Print each line exactly, from the one with "DreamBid. Изображение 7." to the very last line of the listing, and keep the pictures out.

--- TASK INPUTS ---

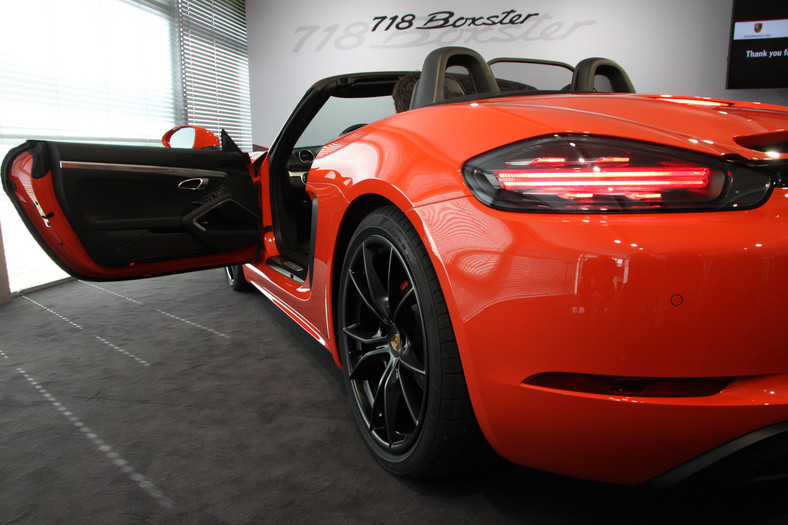 Porsche 718 Boxster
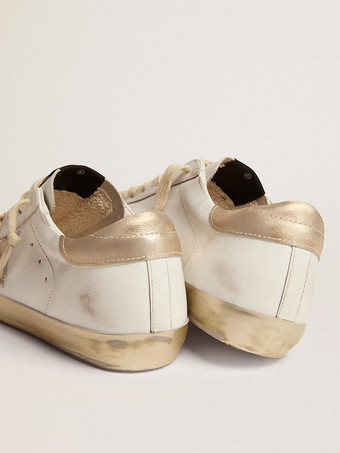 Zapatillas de deporte para mujer con diseño de patines y punta redonda con cordones y diseño metálico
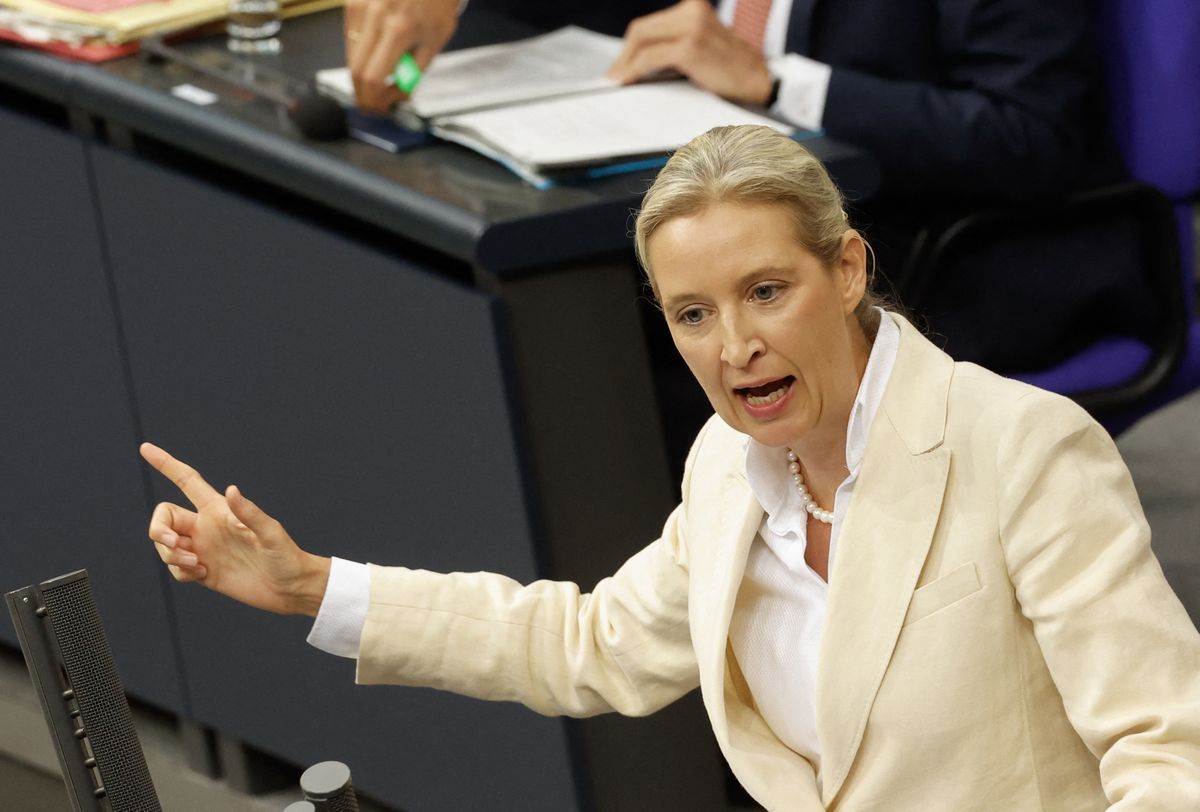 Brüsszel súlyos hibát vétett – állítja Alice Weidel, aki szerint az USA-val kötött megállapodás arcul csapás az európai fogyasztóknak.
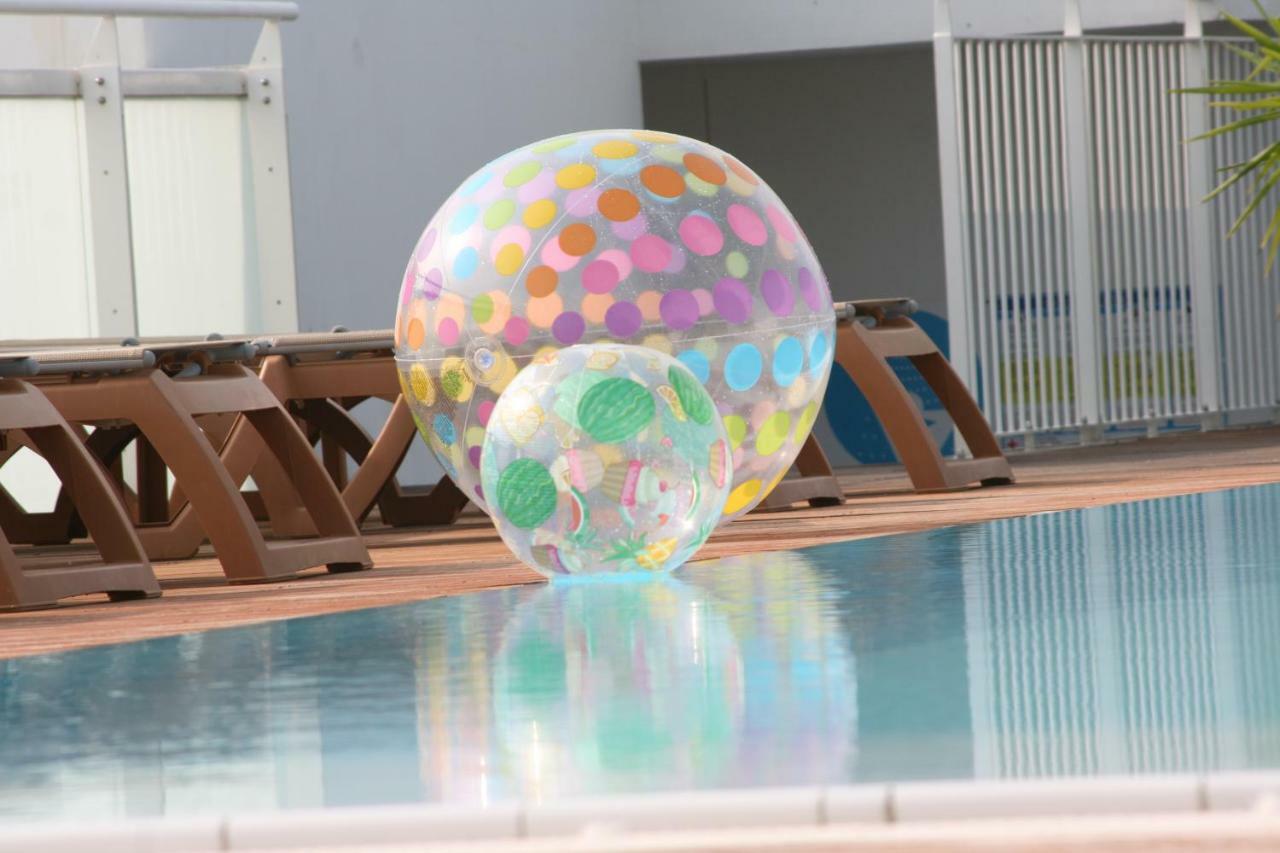 Hotel Luciana Bibione Bagian luar foto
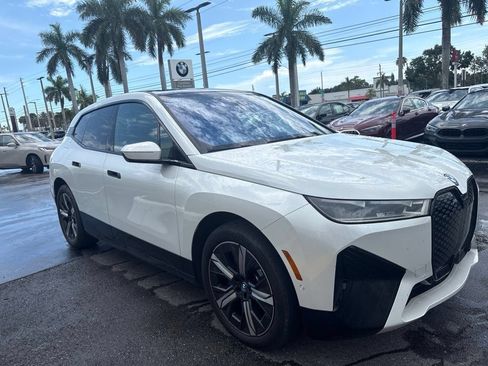 Used 2024 BMW iX xDrive50 w/ Premium Package AWD/4WD image 11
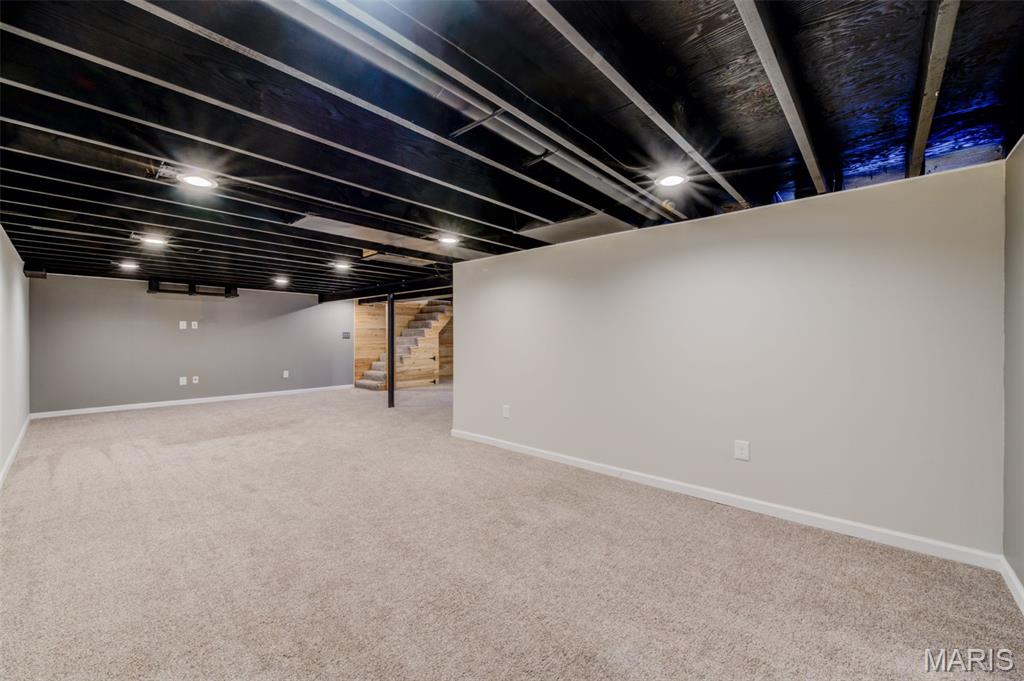 Walnut Grove Estate - Residential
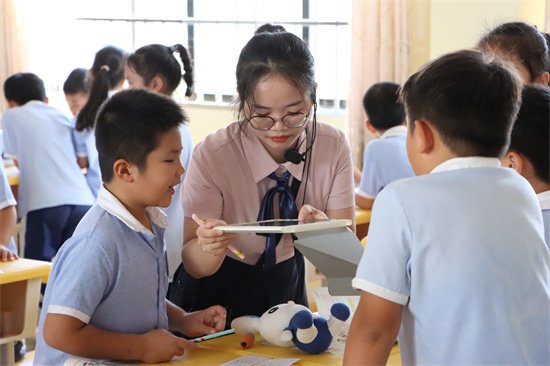 北海艺术设计学院附属学校2022年秋季学期第七届“艺教杯”艺乐课堂教学周暨教师基本功大赛。北艺附小供图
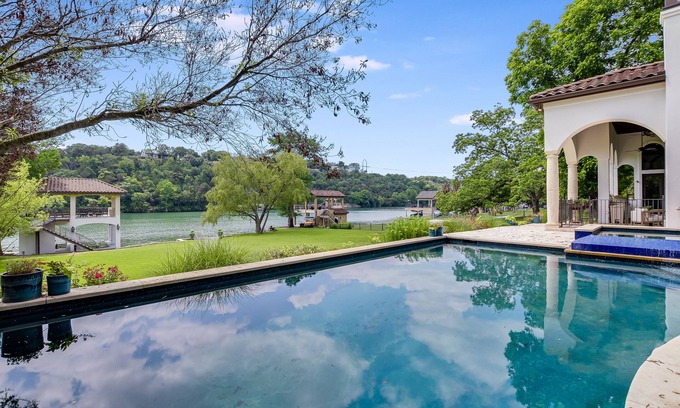 Rio Robles House | Above Autograph I New Remodel | Lakefront Lake Austin | Pool&Spa | Theater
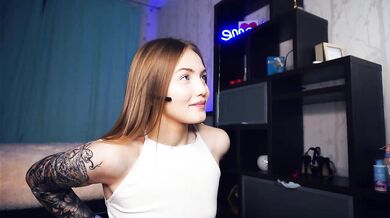 EdwinaClose - Porn Video [Cam4]: naked breasts, ravishing rump, webcam recording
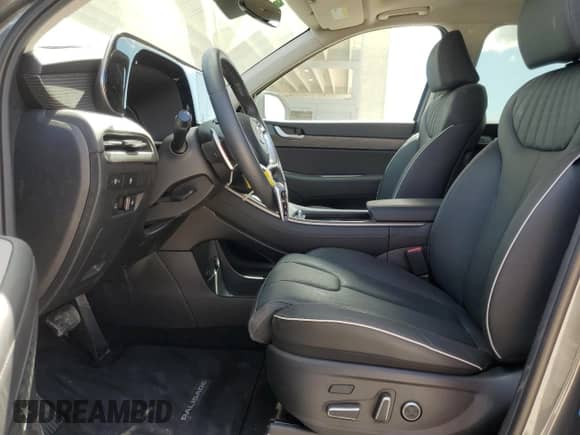 ✅ 2025 Hyundai Palisade Limited • VIN: KM8R54GE3SU907947 • Лот: 65612995. Размещён на Copart с пробегом 4 557 миль миль. Получите бесплатный доступ к архиву аукционных продаж из США и посмотрите подробный отчёт об истории автомобиля на DreamBid. Изображение 7.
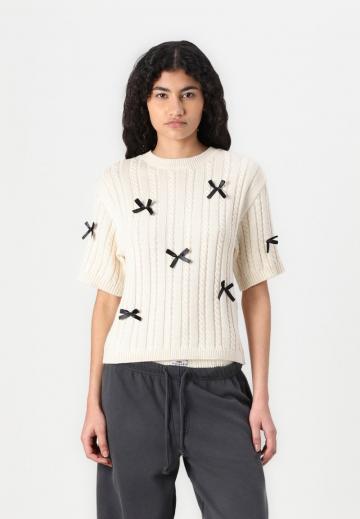 Пуловер с коротким рукавом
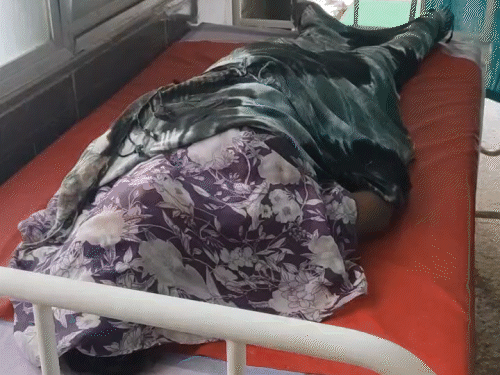 झोलाछाप डॉक्टर-सरपंच के क्लिनिक में गर्भवती महिला की संदिग्ध मौत:  बलौदाबाजार में अचानक तबीयत बिगड़ी, उल्टियां हुई और बेहोश हो गई, बिना पोस्टमॉर्टम हुआ अंतिम-संस्कार – Chhattisgarh News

---

- EXERCISE RESPONSE:
 ✅ 2025 Hyundai Palisade Limited • VIN: KM8R54GE3SU907947 • Лот: 65612995. Размещён на Copart с пробегом 4 557 миль миль. Получите бесплатный доступ к архиву аукционных продаж из США и посмотрите подробный отчёт об истории автомобиля на DreamBid. Изображение 7.
 Пуловер с коротким рукавом
 झोलाछाप डॉक्टर-सरपंच के क्लिनिक में गर्भवती महिला की संदिग्ध मौत:  बलौदाबाजार में अचानक तबीयत बिगड़ी, उल्टियां हुई और बेहोश हो गई, बिना पोस्टमॉर्टम हुआ अंतिम-संस्कार – Chhattisgarh News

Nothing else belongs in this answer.